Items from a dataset
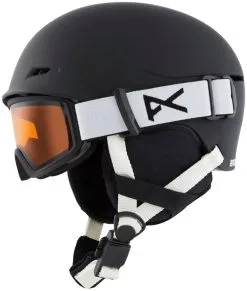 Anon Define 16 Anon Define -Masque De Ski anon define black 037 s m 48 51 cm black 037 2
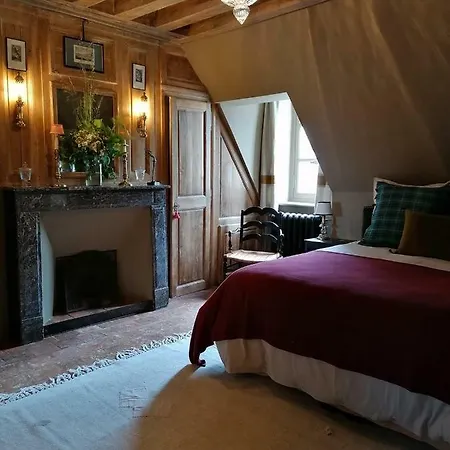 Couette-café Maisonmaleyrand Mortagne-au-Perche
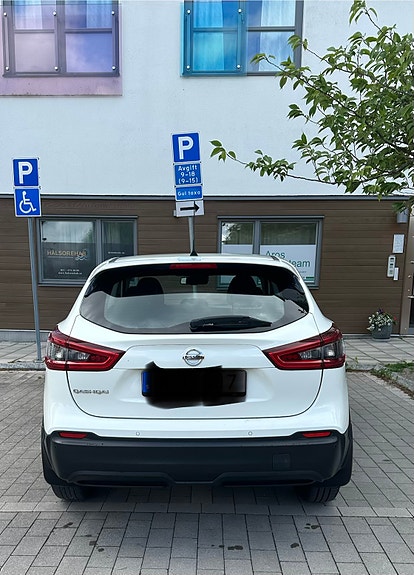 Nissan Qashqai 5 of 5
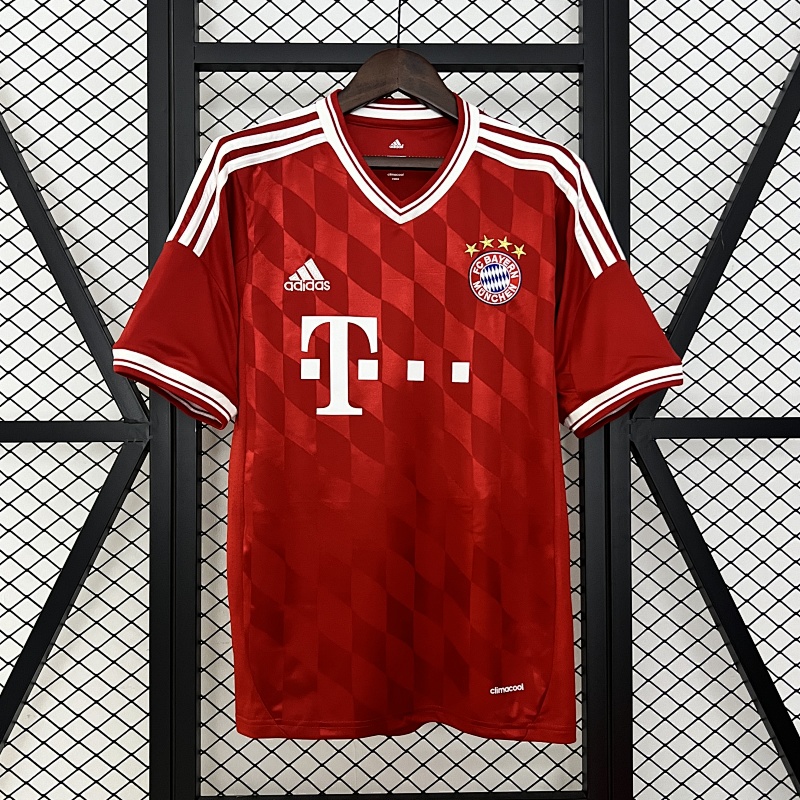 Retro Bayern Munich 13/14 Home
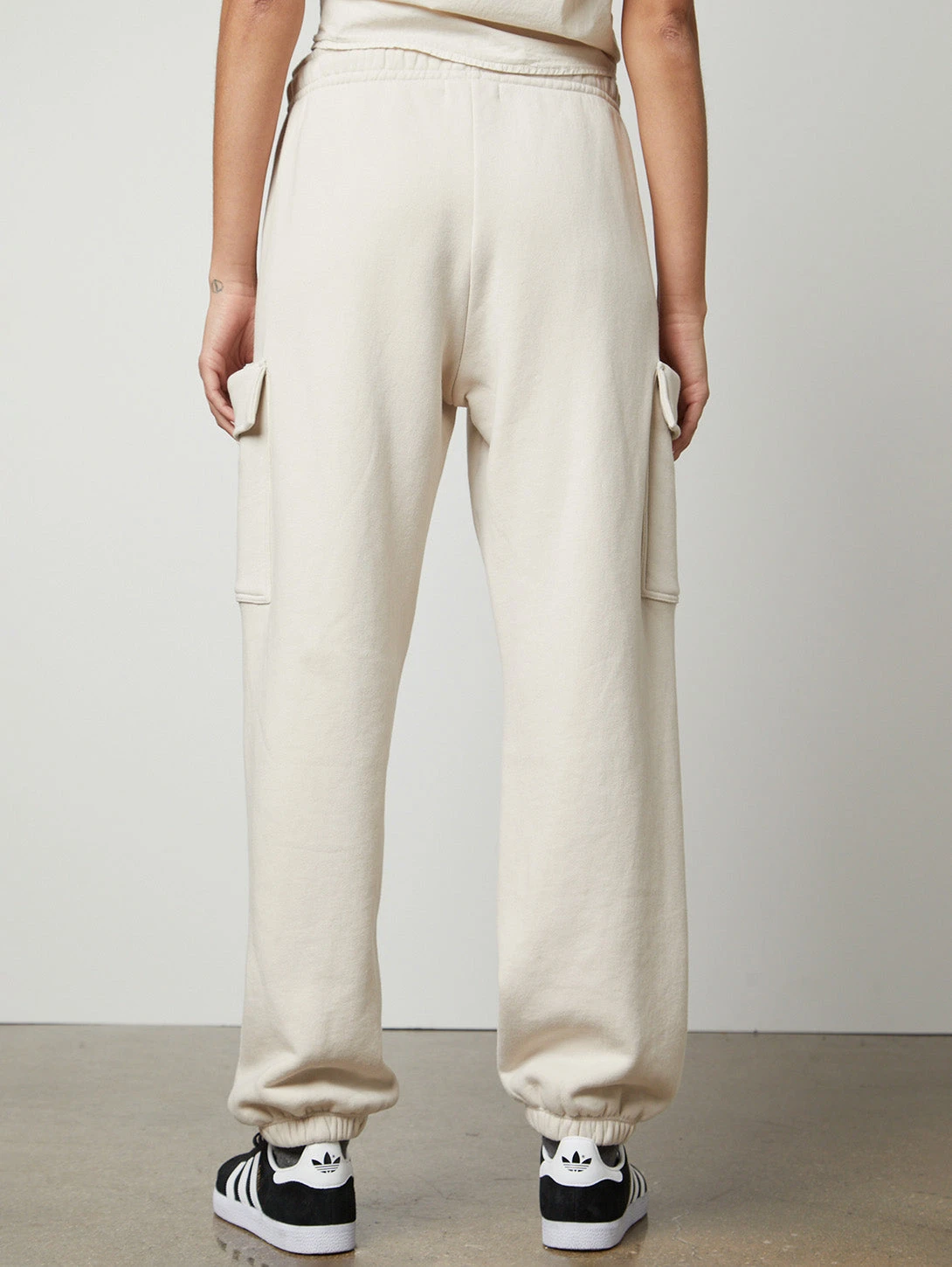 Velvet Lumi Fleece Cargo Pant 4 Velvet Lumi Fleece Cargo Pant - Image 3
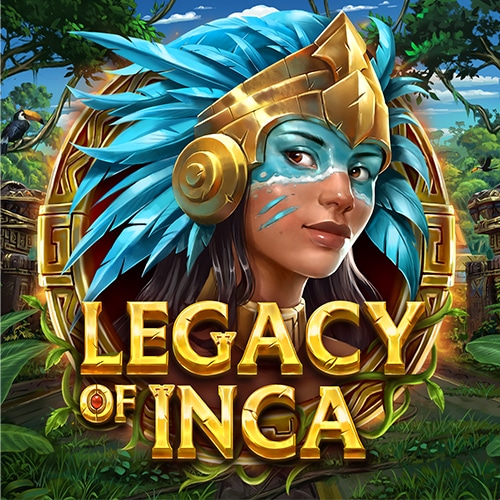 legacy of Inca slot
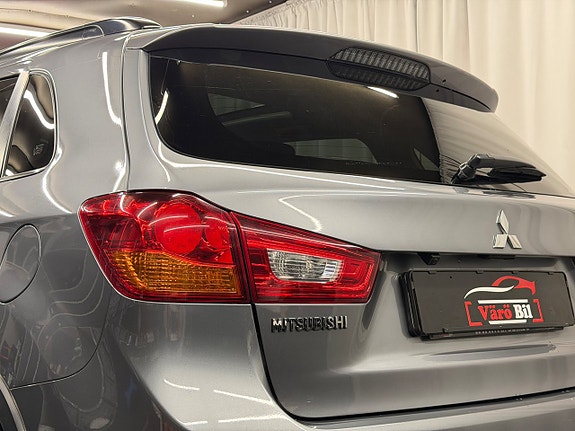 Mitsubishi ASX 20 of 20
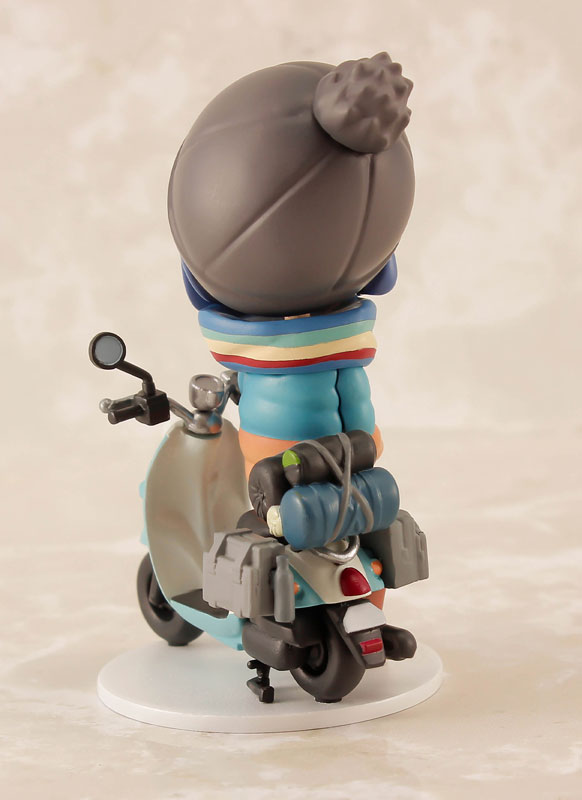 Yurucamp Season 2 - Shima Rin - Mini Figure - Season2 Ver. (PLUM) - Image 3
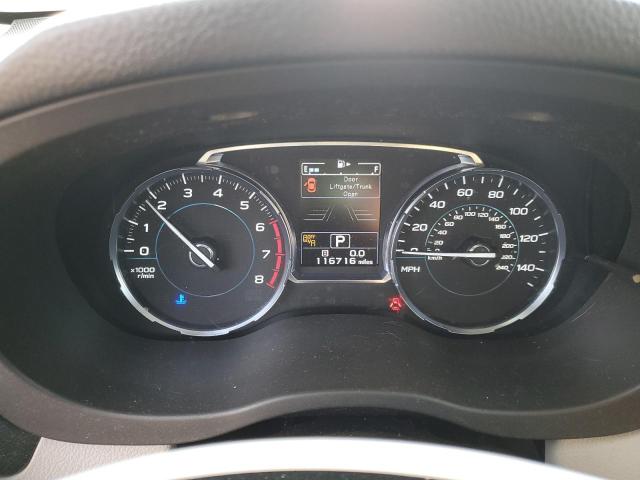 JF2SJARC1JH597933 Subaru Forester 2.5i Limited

-- WHAT YOU ARE ASKED TO DO --
Exactly the lines above from the one that contains "Retro Bayern Munich 13/14 Home" down to the one that contains "Yurucamp Season 2" are to be output, both ends kept and pictures omitted.

-- EXERCISE OUTPUT --
 Retro Bayern Munich 13/14 Home
 Velvet Lumi Fleece Cargo Pant 4 Velvet Lumi Fleece Cargo Pant - Image 3
 legacy of Inca slot
 Mitsubishi ASX 20 of 20
 Yurucamp Season 2 - Shima Rin - Mini Figure - Season2 Ver. (PLUM) - Image 3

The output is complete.